Wanted to show off some blanks that Chris (justturnin; Yin-Tang blanks) did for me. I'm still trying to work on getting a good finish on these. I don't like doing CA on pots and Tru Oil doesn't seem to stick to the resin like it does the wood. Anyway, I wanted everyone to get to see some of Chris' work.


[URL=http://s1338.Rule #2/user/bald9eagle/media/20131015_162601_zps7831bc27.jpg.html][IMG]http://i1338.Rule #2/albums/o694/bald9eagle/20131015_162601_zps7831bc27.jpg[/URL][/img]


[URL=http://s1338.Rule #2/user/bald9eagle/media/20131015_162421_zpsb3ed67d1.jpg.html][IMG]http://i1338.Rule #2/albums/o694/bald9eagle/20131015_162421_zpsb3ed67d1.jpg[/URL][/img]


----------



## haddenhailers (Oct 16, 2013)

Those things look great!

On the finish, from some previous experience with CA, you may want to completely stay away from it on these.

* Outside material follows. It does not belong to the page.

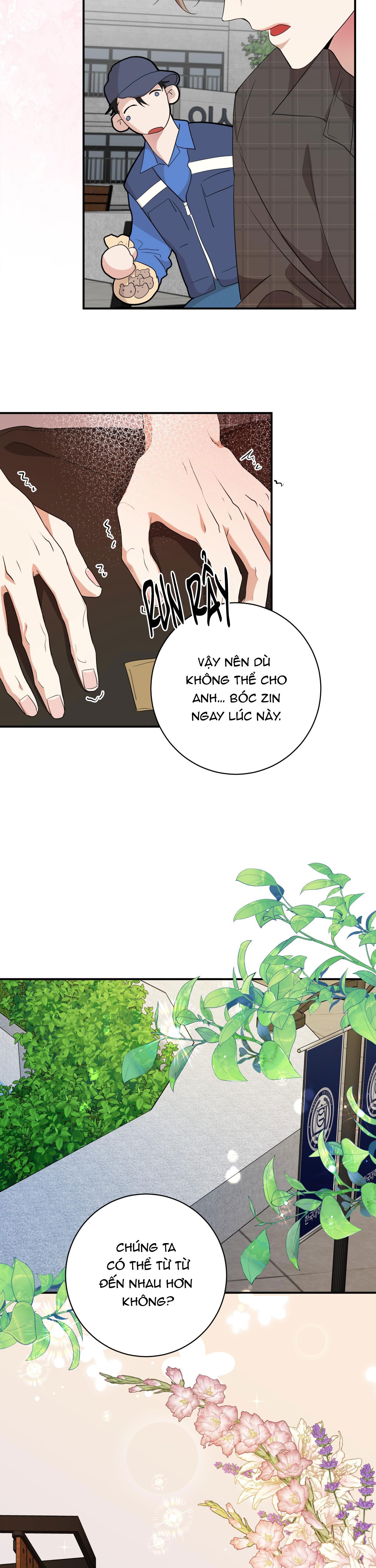 Đọc truyện BL NGẮN CHỊCH HỎNY - Chapter 37.2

I did a couple calls and it peeled fairly quickly. Maybe just go with a buffed finish.

Looks great though!

Andrew


----------



## NYWoodturner (Oct 16, 2013)

Excellent calls Matt  And a terrific nod to Chris. That is some beautiful resin work. For those of you who don't cast, there is about a 1 minute window that you have to do all that swirling without creating "mud" Alumilite might be a bit quicker. Its an art that Chris obviously is good at. You either have it or you don't.


----------



## justturnin (Oct 17, 2013)

Awesome!!!!!


----------



## bald9eagle (Oct 17, 2013)

I ended up giving them a good Tru Oil finish to protect the wood and then sanding it down with 600 grit. I then polished 'em up on a buffing wheel.

I don't really like a glossy shine on my calls anyway, as long as there is something on them to protect them.


----------



## myingling (Oct 19, 2013)

nice work to you on the turning and chris on the casting


----------



## SDB777 (Oct 19, 2013)

Get that piece on the buffing wheels....my limited experience with the alumalite stuff has always come down to "It must be buffed!"(JMHO only)


The persimmon I had 'infused' wouldn't polish up with anything I had here(and I didn't have a buffing system), even the wood(probably cause it also sucked up resin). Then again, I'm thinking a turkey call shouldn't reflect light(from hunting them dang things....they can see reallllll good)!



Remarkable design, wish there was a way to imbed an mp3 into the photo, that way it could be clicked on and the call could be heard. Well done on both of y'all!!!!!






Scott (run to Home Depot, yuck) B


----------



## bald9eagle (Oct 19, 2013)

Thankfully you can't hear either of these. I have pooped on both of them. The green one I chipped the wood on the lip and couldn't fit my slate as good as I wanted cause I had to turn it a slight bit big. I also did something to make it too raspy and haven't figured that one out yet. The copper one I have already taken apart one time tying to get a better sound. It is much raspier than I like as well. I may have to pop the copper out one more time and put some slate in it.

I need to figure it out though. Chris is working on a bunch of these bad boys for me!!


----------



## manbuckwal (Oct 19, 2013)

Those are waaaaaaayyyyyyy cool !!!!


----------



## Woodman (Oct 20, 2013)

Very nice work.


----------